The other big difference is that the supporting has earned their trust. The Raptors shot 53 per cent from three-point range, hitting 16 treys. Anunoby knocked down a couple in the first quarter, Wright hit three of his four attempts from deep and even Pascal Siakam got one to fall. Is that sustainable? No, probably not. They only have three, maybe four reliable three-point shooting threats on the roster. One of them, Lowry, shot 1-for-4 and another, Fred VanVleet, was out with a shoulder injury. VanVleet is expected back soon and eventually those guys are going to get hot. If the other guys continue to hit their shots, or find other ways to take advantage of the open space they’re seeing, Washington (and future opponents) will have to think twice about throwing the kitchen sink at the two guards.          
 
“In the past, everybody always got on those guys for being double-teamed and trapped but guys have to make plays when they give it up,” Dwane Casey said. “Tonight, guys did. C.J. made some shots, Delon hit some shots, and that's what you have to do. They were willing passers. That’s what I liked. Again, it kind of goes with the theme we’ve tried to develop the entire year of ball movement, man movement, and it's not just two guys outscoring the opponent, it’s the Toronto Raptors outscoring the other team.”                                                   
 
Even without VanVleet, Casey used 11 players on Saturday. Generally, most teams short their rotation to eight or nine guys in the playoffs. Casey, as he promised he would, stuck to his – which expanded to as large as 12 during the regular season. Few, if any, teams have that kind of depth and, to his credit, Casey continues to do a commendable job at using it the right way.
 
Trailing by one point early in the fourth quarter, Casey turned to sparingly used third-string centre Lucas Nogueira. Despite scoring just one point and without taking a single shot, Bebe gave the Raptors nine quality – and unexpected – minutes, helping turn the game with his energy on the defensive end.
 
Casey has never had this many weapons to work with.

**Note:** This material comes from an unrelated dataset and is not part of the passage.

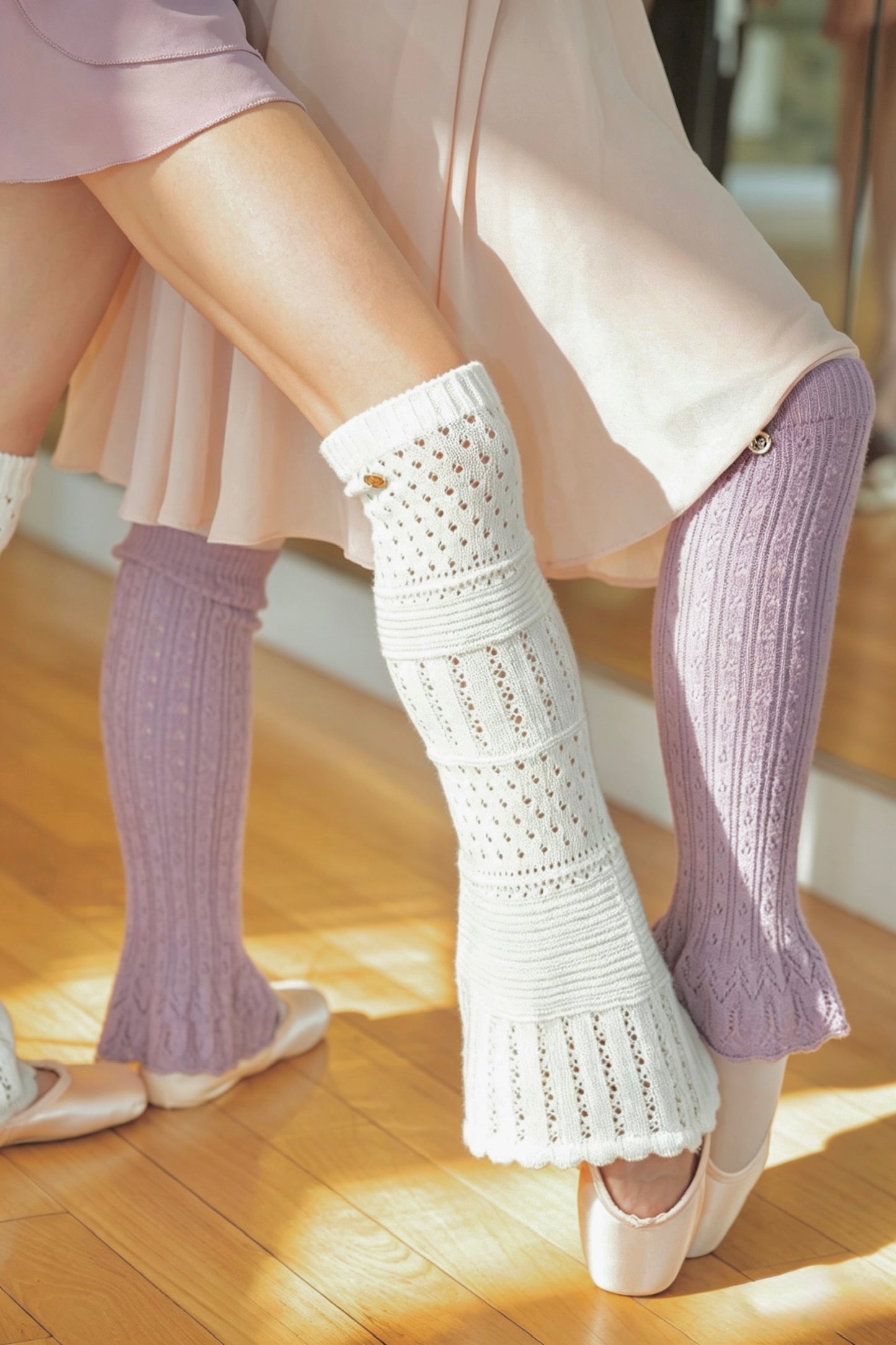 Échappé Open-Knit Legwarmers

DeRozan and Lowry have never played with so many guys capable of taking the pressure off.
 
The Wizards will not go away quietly. They’re probably only an eighth seed because their best player, John Wall, missed half the season. They’re a good, albeit often underachieving, team and the competition will only get tougher from here, with LeBron James and the Cavs lurking.
 
This is only one of the 12 wins they’ll need to reach their goal of coming out of the East. Do they have a real shot? That remains to be seen. But, whether they succeed or fail, this version of the team will do it on their own terms, because they aren’t the same old Raptors.